El teniente que está a cargo es un hombre de labios delgados que habla un francés entrecortado y horrible. Mientras gritaba sus órdenes, sentí que Madame se ponía rígida, incluso aunque papá le pusiera una mano sobre el brazo. Había temido lo peor, pero parece que no tendremos que enfrentar la indignidad de albergar un soldado alemán en nuestro hogar; por lo menos todavía no. Yo había estado preparándome para esa noticia, nuestra casa es una de las más grandes del pueblo y una de las más hermosas, y cuando el teniente anunció que él y sus hombres iban a permanecer con base en Beaune, por ahora, las piernas me temblaron como gelatina.
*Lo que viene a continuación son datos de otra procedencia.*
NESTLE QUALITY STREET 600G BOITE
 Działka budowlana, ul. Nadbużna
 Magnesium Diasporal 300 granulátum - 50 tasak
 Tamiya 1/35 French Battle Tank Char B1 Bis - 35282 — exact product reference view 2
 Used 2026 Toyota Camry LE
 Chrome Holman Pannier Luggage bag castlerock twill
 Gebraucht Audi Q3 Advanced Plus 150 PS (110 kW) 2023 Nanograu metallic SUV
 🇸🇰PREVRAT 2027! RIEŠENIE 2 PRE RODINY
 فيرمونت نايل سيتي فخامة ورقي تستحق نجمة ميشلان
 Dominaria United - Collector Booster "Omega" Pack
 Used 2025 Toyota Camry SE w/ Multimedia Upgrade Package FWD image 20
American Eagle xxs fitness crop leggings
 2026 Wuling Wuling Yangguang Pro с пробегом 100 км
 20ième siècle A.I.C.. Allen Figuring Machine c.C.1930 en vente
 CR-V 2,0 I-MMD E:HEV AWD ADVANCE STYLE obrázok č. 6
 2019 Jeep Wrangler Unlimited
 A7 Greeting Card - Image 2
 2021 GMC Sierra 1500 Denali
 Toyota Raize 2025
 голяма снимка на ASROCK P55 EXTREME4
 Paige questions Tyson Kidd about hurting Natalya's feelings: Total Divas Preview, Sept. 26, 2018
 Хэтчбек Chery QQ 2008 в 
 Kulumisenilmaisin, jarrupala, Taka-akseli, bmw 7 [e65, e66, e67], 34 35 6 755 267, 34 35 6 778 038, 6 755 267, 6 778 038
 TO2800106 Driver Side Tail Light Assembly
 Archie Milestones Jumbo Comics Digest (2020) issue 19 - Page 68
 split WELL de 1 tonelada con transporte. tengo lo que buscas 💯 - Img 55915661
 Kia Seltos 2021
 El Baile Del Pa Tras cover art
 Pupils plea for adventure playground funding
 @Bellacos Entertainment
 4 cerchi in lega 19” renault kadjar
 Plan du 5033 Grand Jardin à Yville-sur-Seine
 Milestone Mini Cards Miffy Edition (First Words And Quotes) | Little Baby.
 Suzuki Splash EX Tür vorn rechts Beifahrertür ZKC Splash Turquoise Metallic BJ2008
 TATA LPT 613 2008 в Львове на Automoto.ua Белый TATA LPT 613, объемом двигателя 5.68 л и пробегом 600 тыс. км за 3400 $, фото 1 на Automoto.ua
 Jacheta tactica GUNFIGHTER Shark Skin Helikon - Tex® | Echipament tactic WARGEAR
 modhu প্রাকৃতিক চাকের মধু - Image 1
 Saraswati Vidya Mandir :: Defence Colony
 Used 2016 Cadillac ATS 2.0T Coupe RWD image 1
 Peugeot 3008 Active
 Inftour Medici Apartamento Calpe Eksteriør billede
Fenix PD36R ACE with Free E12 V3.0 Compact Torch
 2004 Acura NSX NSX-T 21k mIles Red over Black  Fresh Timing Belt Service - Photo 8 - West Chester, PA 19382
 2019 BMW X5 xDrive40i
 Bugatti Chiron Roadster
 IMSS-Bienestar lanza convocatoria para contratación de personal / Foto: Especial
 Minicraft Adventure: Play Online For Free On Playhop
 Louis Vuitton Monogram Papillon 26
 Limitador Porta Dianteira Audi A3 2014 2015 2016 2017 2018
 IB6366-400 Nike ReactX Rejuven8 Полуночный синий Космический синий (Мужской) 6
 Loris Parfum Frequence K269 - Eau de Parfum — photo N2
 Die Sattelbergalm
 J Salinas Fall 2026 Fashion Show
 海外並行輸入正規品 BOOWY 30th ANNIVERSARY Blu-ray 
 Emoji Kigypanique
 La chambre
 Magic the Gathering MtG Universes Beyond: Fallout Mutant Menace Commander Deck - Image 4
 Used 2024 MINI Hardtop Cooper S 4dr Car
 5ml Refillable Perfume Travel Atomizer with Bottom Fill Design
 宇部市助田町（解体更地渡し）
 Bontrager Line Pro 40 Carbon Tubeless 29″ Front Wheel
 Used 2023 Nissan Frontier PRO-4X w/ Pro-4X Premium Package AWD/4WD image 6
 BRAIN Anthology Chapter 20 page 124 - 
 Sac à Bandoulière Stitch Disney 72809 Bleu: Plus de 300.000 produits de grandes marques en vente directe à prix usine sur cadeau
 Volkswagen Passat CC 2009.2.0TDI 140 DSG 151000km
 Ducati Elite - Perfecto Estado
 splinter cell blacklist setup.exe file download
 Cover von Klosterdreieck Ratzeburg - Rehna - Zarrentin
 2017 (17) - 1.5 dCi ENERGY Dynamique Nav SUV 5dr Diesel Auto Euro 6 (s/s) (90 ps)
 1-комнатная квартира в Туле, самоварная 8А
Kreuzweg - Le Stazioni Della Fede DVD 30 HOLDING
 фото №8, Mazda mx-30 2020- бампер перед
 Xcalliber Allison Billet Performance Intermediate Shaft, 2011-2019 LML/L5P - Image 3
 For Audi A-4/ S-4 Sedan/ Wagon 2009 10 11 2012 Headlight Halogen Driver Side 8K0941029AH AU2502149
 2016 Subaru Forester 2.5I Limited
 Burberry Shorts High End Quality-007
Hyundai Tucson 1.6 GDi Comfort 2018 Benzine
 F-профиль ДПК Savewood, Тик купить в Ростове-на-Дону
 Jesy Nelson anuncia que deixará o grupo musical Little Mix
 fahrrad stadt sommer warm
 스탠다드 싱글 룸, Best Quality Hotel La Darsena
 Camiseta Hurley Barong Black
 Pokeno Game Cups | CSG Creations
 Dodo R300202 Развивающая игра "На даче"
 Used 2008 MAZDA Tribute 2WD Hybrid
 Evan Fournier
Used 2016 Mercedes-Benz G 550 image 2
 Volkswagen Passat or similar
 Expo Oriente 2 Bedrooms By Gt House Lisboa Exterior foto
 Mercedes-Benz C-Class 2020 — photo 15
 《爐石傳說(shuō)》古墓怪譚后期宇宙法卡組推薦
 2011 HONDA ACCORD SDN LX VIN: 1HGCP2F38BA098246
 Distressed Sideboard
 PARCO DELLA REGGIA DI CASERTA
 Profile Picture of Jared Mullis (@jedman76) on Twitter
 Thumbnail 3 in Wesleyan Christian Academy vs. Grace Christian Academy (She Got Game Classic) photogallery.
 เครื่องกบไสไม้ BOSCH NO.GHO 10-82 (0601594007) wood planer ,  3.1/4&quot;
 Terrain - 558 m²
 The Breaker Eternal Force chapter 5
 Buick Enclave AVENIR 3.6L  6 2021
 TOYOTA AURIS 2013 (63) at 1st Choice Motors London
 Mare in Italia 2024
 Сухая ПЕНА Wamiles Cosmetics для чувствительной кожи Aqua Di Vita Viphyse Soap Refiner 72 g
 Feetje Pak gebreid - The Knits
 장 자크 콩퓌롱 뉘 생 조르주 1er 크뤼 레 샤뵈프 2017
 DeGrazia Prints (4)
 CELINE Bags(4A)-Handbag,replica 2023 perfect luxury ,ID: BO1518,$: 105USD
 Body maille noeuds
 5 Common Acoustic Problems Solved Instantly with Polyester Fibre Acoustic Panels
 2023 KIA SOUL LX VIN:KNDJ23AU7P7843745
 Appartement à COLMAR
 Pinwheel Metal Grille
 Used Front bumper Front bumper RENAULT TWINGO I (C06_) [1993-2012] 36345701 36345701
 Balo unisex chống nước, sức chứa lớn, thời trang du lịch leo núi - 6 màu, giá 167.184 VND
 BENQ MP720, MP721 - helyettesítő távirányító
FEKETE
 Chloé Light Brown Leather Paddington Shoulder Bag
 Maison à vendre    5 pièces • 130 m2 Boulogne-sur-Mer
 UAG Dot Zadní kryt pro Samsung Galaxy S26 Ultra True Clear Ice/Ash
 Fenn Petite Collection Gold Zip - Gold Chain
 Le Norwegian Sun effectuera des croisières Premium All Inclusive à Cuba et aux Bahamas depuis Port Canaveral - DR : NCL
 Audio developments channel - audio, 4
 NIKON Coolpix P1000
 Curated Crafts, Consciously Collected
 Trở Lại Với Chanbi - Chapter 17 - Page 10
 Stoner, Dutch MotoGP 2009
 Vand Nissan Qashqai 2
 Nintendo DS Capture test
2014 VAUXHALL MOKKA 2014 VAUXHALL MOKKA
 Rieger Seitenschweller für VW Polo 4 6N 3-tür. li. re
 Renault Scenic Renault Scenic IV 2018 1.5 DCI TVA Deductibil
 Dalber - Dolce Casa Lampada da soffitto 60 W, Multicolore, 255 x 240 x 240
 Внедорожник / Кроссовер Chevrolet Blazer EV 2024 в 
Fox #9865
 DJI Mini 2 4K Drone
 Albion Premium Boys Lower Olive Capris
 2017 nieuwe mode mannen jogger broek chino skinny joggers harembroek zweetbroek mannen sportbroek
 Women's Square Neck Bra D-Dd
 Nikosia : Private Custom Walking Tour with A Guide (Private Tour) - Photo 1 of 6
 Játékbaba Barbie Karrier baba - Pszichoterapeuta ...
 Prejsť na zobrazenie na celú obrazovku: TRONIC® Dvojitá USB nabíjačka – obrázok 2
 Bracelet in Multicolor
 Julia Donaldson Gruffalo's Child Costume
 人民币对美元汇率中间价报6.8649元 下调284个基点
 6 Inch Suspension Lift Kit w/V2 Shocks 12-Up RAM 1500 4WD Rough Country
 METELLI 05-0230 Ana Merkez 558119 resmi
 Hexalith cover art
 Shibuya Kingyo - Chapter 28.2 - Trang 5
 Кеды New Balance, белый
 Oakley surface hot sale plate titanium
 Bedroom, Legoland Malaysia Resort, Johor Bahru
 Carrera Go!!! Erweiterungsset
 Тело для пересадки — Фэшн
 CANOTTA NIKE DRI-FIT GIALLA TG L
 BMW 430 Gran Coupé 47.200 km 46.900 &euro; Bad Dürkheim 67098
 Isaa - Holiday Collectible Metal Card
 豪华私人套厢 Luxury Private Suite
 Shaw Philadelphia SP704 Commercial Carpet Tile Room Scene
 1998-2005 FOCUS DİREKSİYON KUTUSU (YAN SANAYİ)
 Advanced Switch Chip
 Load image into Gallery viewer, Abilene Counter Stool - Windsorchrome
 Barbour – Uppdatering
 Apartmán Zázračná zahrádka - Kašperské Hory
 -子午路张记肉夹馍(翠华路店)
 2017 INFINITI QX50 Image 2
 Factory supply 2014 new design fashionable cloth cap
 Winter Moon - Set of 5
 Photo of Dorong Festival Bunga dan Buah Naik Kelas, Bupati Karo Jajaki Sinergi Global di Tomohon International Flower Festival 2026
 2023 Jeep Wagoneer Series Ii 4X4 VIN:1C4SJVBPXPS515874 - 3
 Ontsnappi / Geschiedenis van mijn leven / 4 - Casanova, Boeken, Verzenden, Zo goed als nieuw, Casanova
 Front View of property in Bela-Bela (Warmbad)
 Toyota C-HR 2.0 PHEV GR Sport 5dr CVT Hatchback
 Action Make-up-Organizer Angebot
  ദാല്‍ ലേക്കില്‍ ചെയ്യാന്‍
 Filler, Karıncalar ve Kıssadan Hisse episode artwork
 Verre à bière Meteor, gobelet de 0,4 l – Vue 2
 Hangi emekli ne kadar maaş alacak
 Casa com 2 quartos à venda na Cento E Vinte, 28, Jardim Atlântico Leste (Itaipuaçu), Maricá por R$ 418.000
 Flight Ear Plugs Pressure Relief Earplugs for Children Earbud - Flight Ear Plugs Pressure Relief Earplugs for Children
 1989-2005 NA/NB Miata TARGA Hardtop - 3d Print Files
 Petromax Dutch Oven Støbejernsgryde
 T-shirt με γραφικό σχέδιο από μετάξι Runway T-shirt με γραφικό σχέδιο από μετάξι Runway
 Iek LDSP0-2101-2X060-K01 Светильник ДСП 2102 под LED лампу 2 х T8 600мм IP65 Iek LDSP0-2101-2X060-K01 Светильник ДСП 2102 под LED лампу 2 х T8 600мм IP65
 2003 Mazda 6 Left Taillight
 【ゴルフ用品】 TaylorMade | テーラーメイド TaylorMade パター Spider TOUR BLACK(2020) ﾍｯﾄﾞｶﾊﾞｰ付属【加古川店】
Madame se alterna entre una aceptación pasiva del presente y una preparación frenética para el futuro. En la mesa dice con alivio:

—Por lo menos esta vez nos ahorraremos el horror... Todavía recuerdo la Gran Guerra como si hubiera sido ayer... perdí un primo, ¿sabes?... —después de estas palabras, el rostro de papá endureció como piedra. Durante el día ella recorre la casa, presa del pánico, escondiendo todos sus tesoros, la plata y el lino, los libros, la joyería, los floreros de porcelana antigua que adornan la chimenea, los jamones ahumados y las piernas de cerdo, incluso los moldes de cobre de gelatina de la cocina, todo lo guarda bajo llave.